What is expected: Beginning with the line that holds "Chanel Sunglasses Eyewear", output every remaining line of the material below exactly, and include none of the pictures.

_ _ _ _ _ _ _

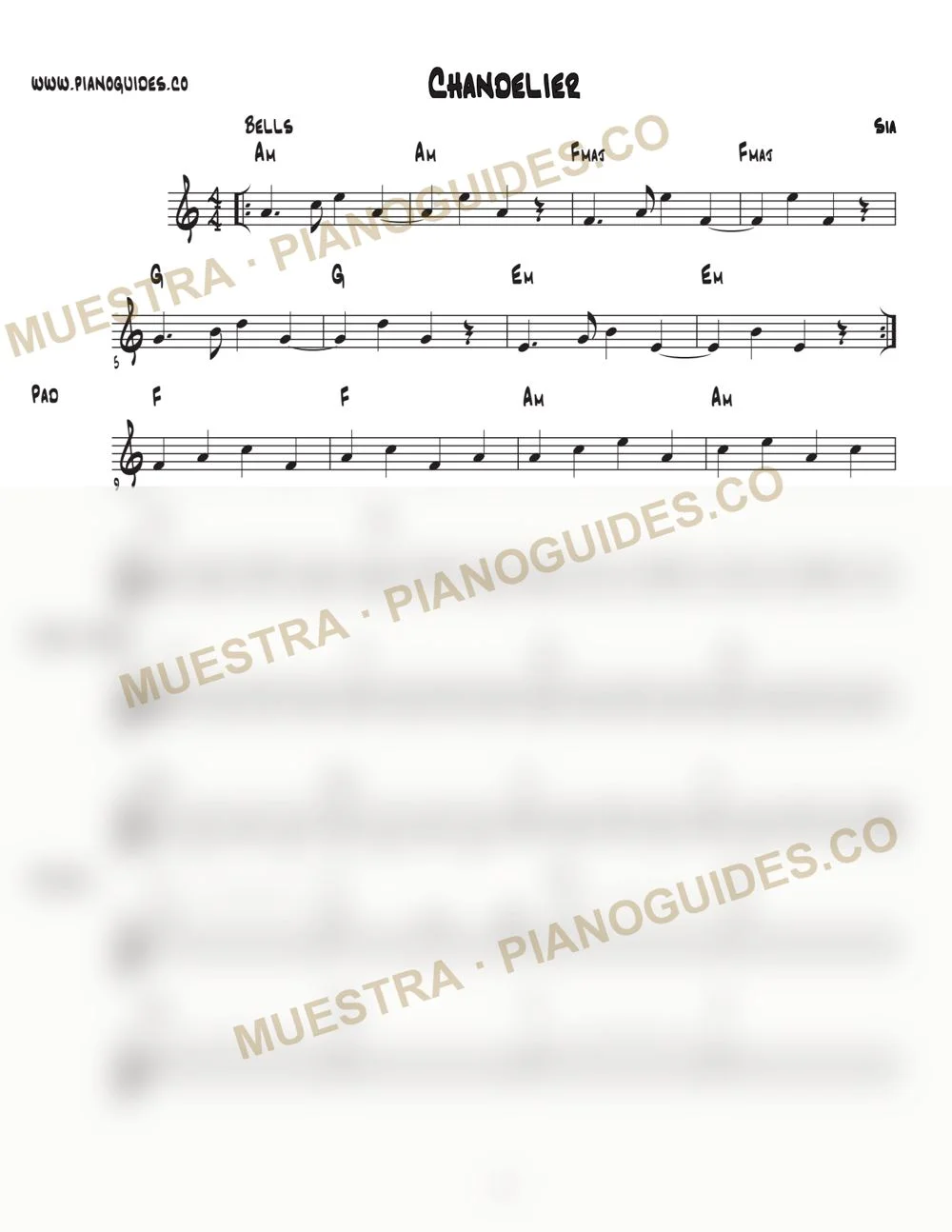 Primera página de la guía Chandelier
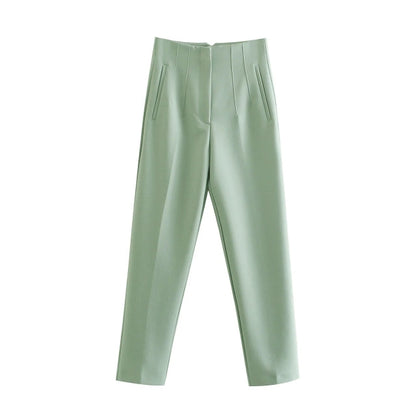 Trousers Light Green XS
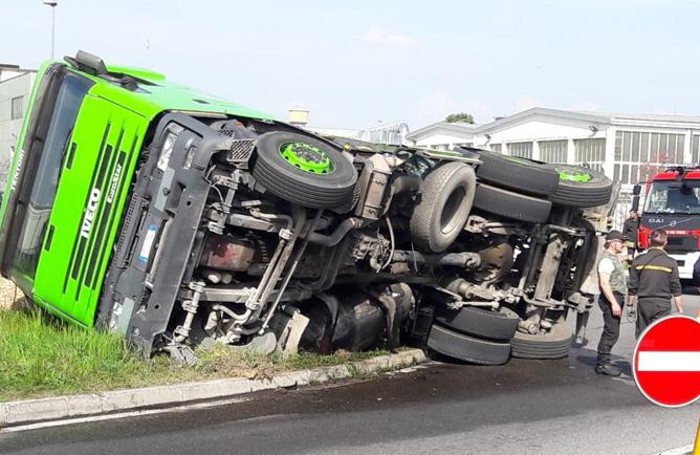 Un’altra immagine dell’incidente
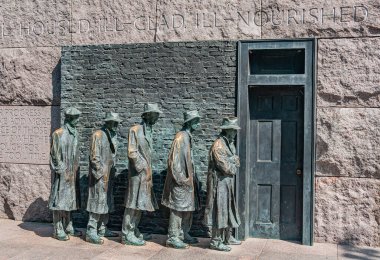 The Bread Line, FDR Memorial, Washington, DC USA, Washington, Columbia Bölgesi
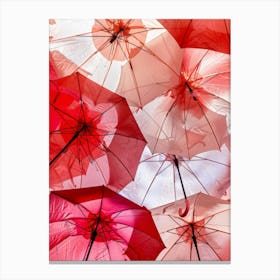 Red Umbrellas Canvas Print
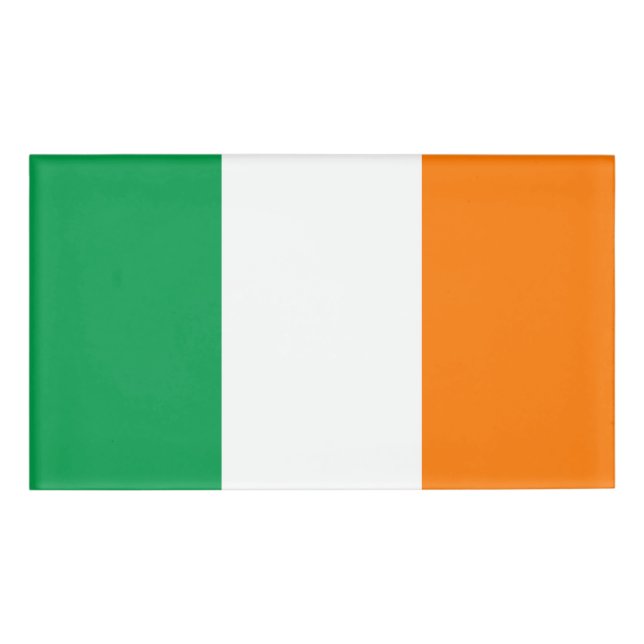 Etiqueta De Nombre Bandera de Irlanda (Anverso)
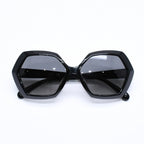 Chanel Sunglasses Eyewear CC Logo Black Hexagon Frame — view 2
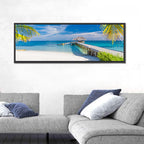 Maldives Overwater Pier Wall Art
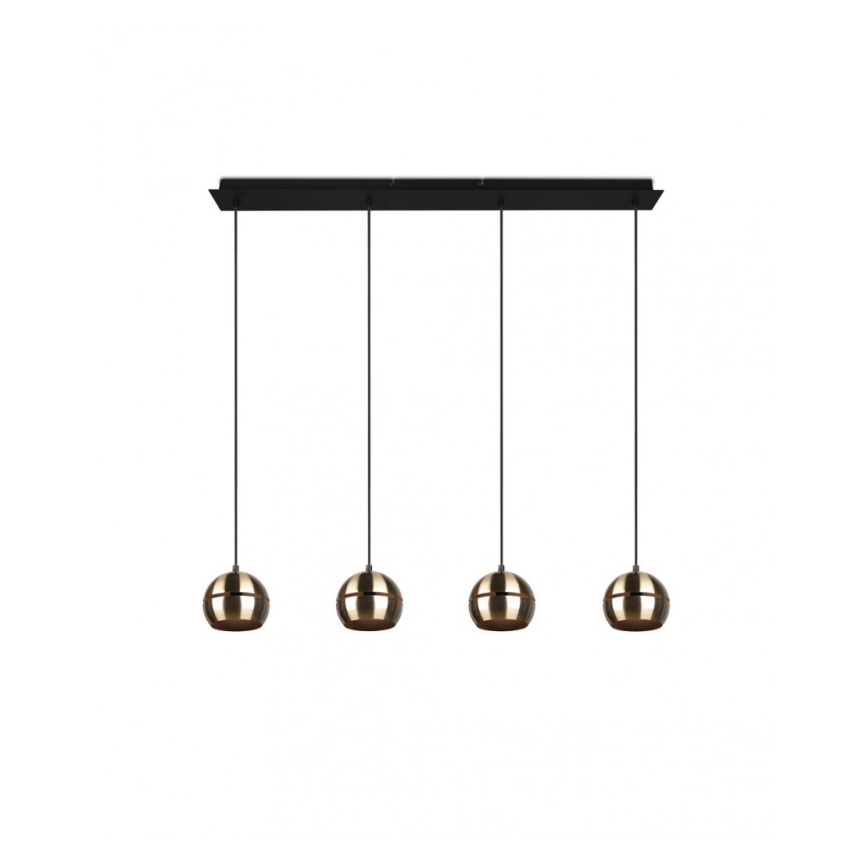 Trio - Hanglamp aan een koord FLETCHER 4xE14/40W/230V messing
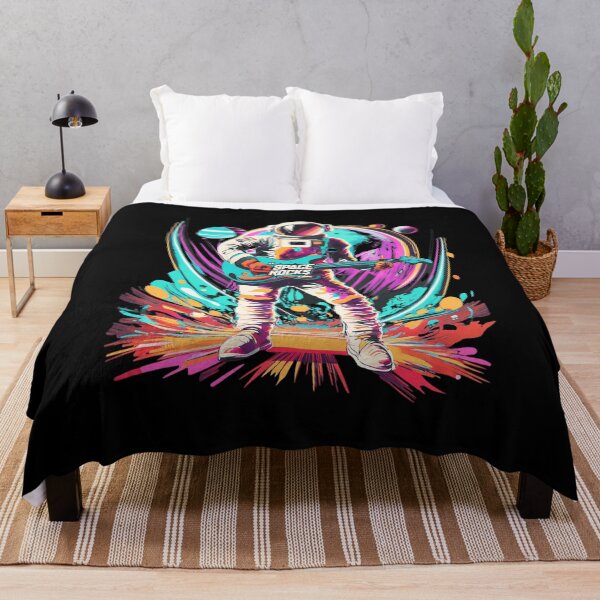Item preview, Cosmic Guitarist Astronaut - Psychedelic Space Art designed and sold by Myrtiowski.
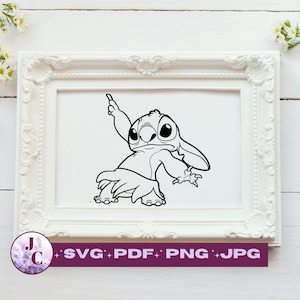 Dancing Stitch / Lilo & Stitch/ Hula Stitch SVG, jpeg, png, svg, pdf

_ _ _ _ _ _ _

Output below:
 Chanel Sunglasses Eyewear CC Logo Black Hexagon Frame — view 2
 Maldives Overwater Pier Wall Art
 Trio - Hanglamp aan een koord FLETCHER 4xE14/40W/230V messing
Item preview, Cosmic Guitarist Astronaut - Psychedelic Space Art designed and sold by Myrtiowski.
 Dancing Stitch / Lilo & Stitch/ Hula Stitch SVG, jpeg, png, svg, pdf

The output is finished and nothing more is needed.